Below are lines of records; copy exactly those from the one containing "Set of high" through the one containing "Imperial Mens Bomber", leaving the pictures behind.

Input data below:

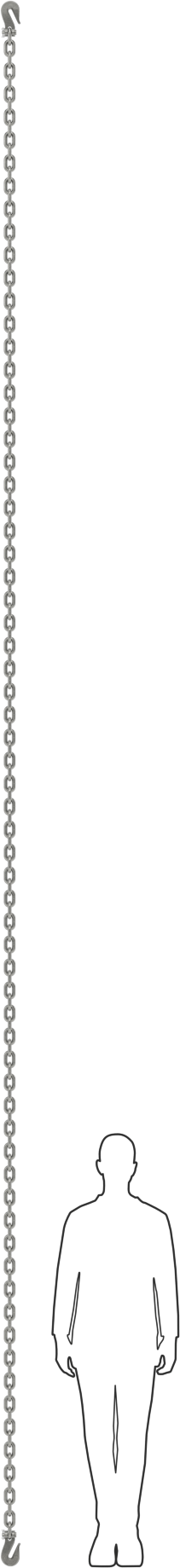 McMaster 3426T5 Transport Chain Assembly with Fittings on Ends, Made in The U.S., 20 Feet Long, Grade 43, 1/2 Trade Size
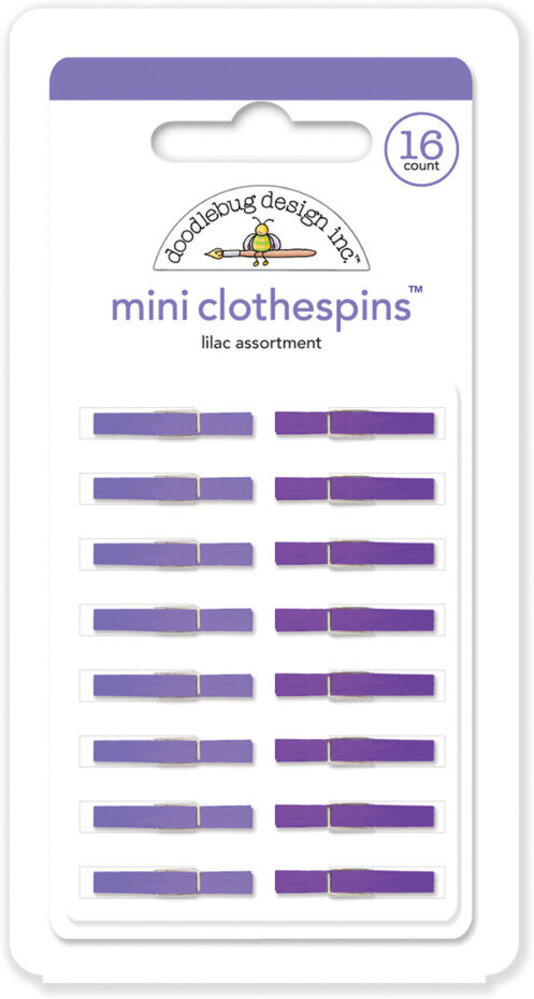 Doodlebug Design Inc. Lilac Mini Clothespins (16pcs) (4447)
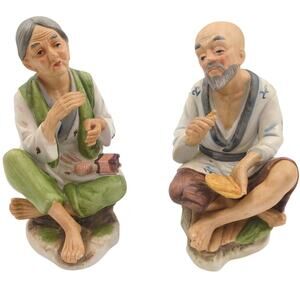 Vintage Asian Ceramic Figurines Old Man & Woman Farmer Pair Hand Painted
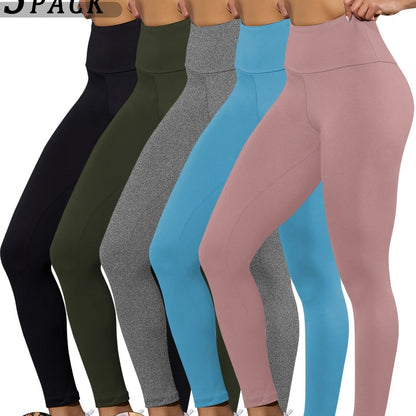 Set of high waisted tummy control leggings in various colors including black, gray, blue, green, and pink.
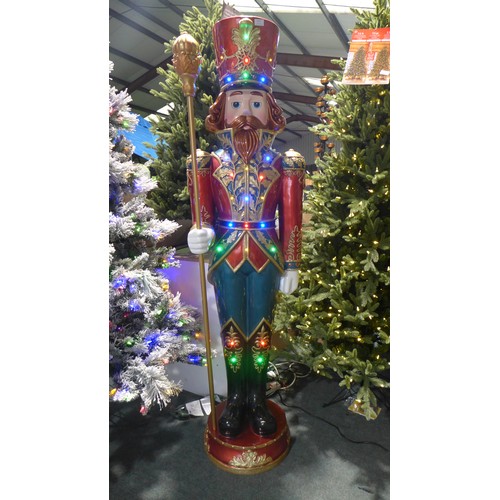 3023 - 6ft (1.8m) Grand Resin Indoor / Outdoor Christmas Nutcracker with 25 LED Lights & Sounds ( 264Z-75) ... 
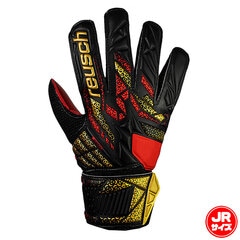 【特価】ロイシュ アトラクト ソリッド ジュニア reusch サッカー キーパーグローブ キーパー手袋 ゴールキーパー GK Jr キッズ 子供 ブラック×ゴールド×ファイアリーレッド (5562515-7075)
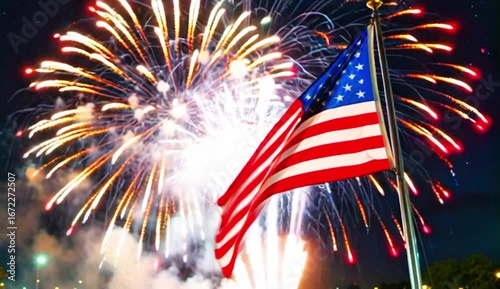 Wallpaper Mural 煙火和美國國旗飄揚是歡樂的泉源。 Torontodigital.ca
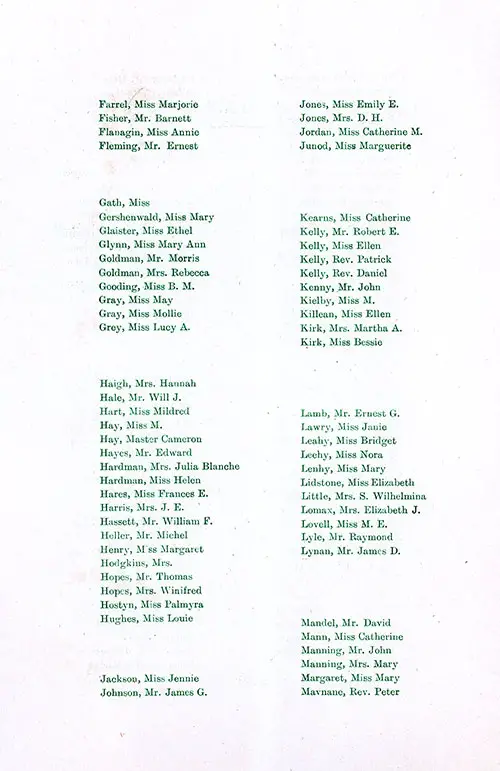 Second Class Passengers, Part 2, SS St. Paul First and Second Class Passenger List, 9 September 1916.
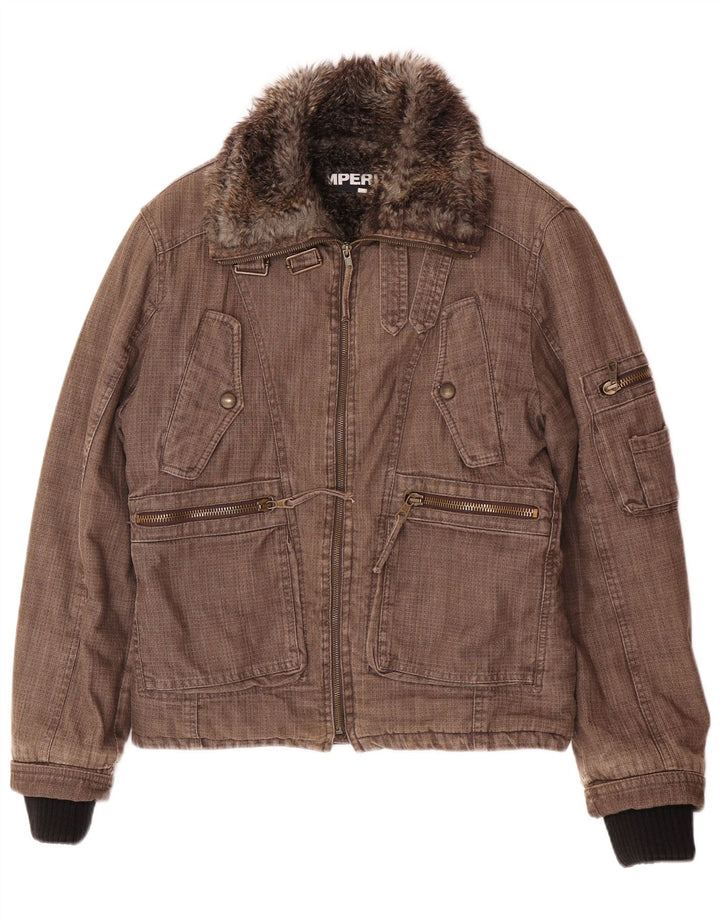 Imperial Mens Bomber Shearling Coupe-vent Veste UK 38 Coton Marron Moyen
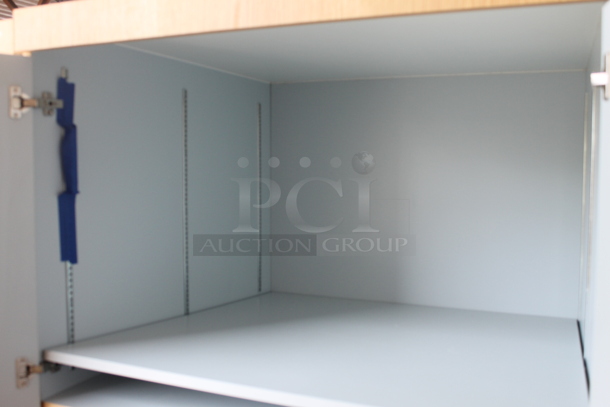 BRAND NEW! Commercial 4 Door Cabinet In Wood Style Finish With White Shelves. - Image 2 of 5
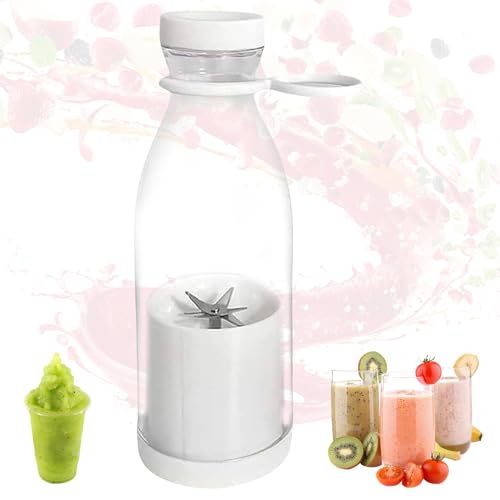 Portable Blender - 18000 Rpm, Smoothie Blenders with Lid and Stainless Steel Blades for Shakes and Smoothies, USB Charging, Drinking Smoothies to Cool down Quickly in Summer (White)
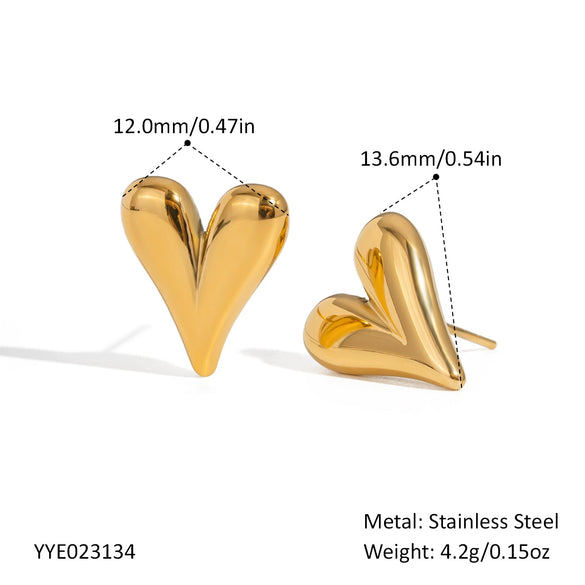 Simple Lover Heart Shape Stainless Steel Earrings For Women Pvd Vacuum Real Gold Plated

End of Input data.

Solution for this exercise:
 Set of high waisted tummy control leggings in various colors including black, gray, blue, green, and pink.
 3023 - 6ft (1.8m) Grand Resin Indoor / Outdoor Christmas Nutcracker with 25 LED Lights & Sounds ( 264Z-75) ... 
 【特価】ロイシュ アトラクト ソリッド ジュニア reusch サッカー キーパーグローブ キーパー手袋 ゴールキーパー GK Jr キッズ 子供 ブラック×ゴールド×ファイアリーレッド (5562515-7075)
 Wallpaper Mural 煙火和美國國旗飄揚是歡樂的泉源。 Torontodigital.ca
 Second Class Passengers, Part 2, SS St. Paul First and Second Class Passenger List, 9 September 1916.
 Imperial Mens Bomber Shearling Coupe-vent Veste UK 38 Coton Marron Moyen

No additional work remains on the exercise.